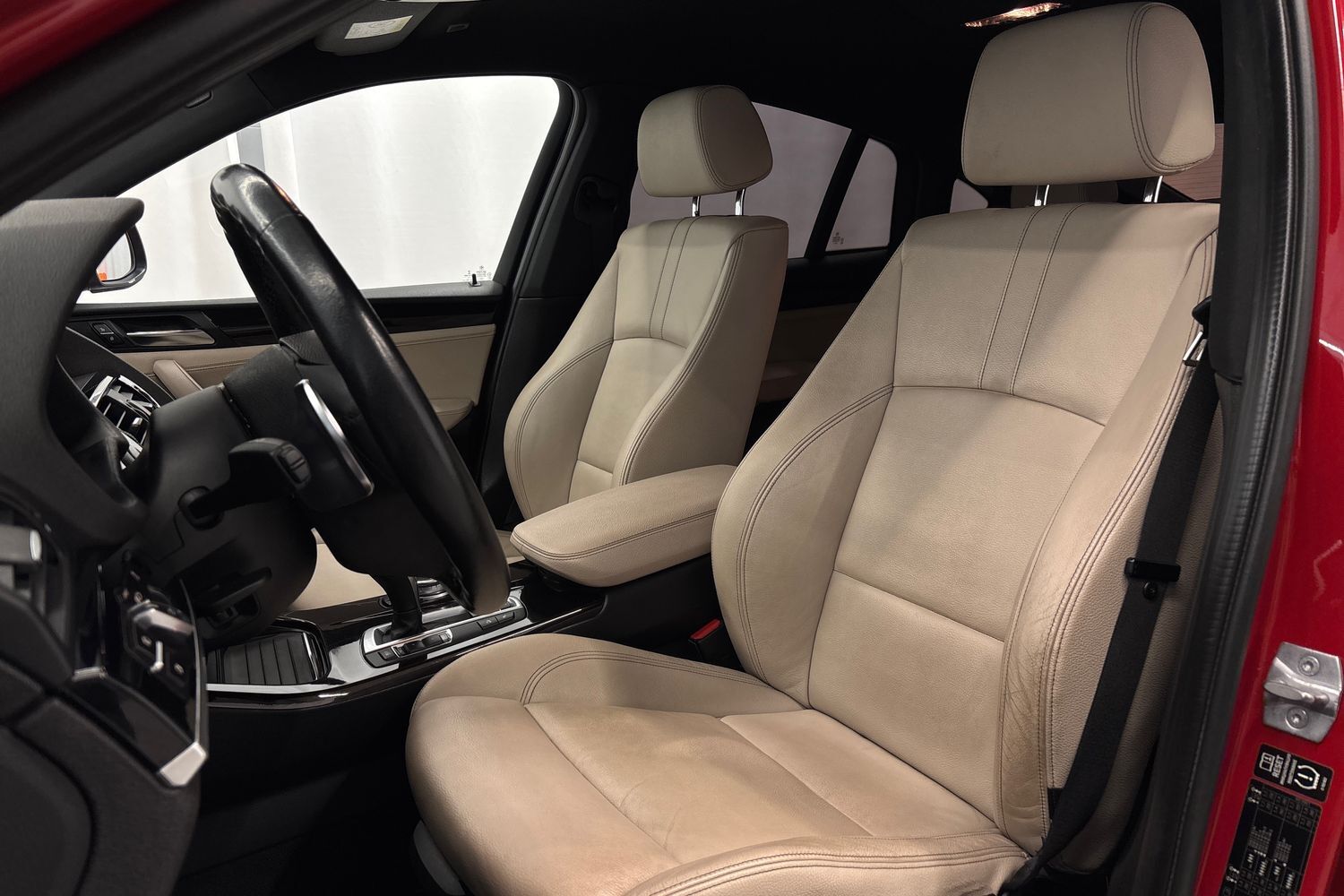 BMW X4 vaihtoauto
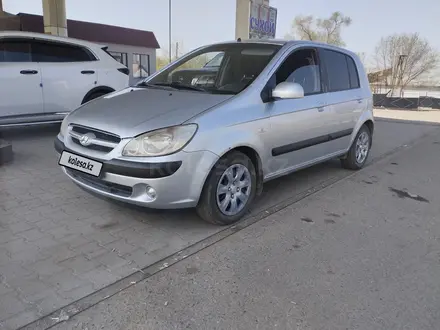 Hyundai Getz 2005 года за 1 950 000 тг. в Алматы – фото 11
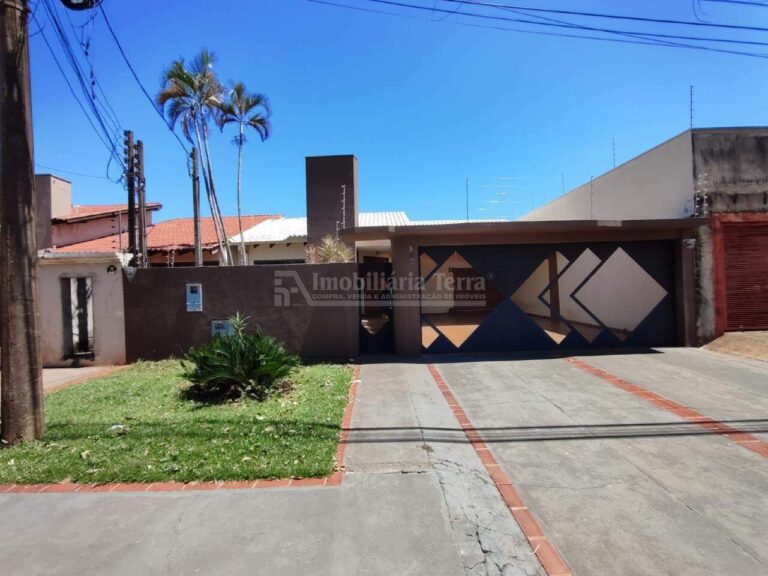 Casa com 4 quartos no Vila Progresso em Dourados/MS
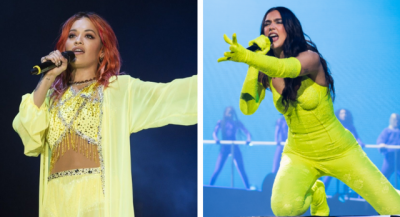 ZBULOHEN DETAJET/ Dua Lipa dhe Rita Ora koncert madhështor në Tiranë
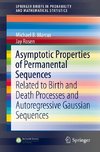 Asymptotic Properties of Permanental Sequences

- - - -

▸ **Your objective**
Please print all the data above word for word. Pictures should not appear in the copy.

▸ **Completed exercise**
 BMW X4 vaihtoauto
 Hyundai Getz 2005 года за 1 950 000 тг. в Алматы – фото 11
 Casa com 4 quartos no Vila Progresso em Dourados/MS
 ZBULOHEN DETAJET/ Dua Lipa dhe Rita Ora koncert madhështor në Tiranë
 Asymptotic Properties of Permanental Sequences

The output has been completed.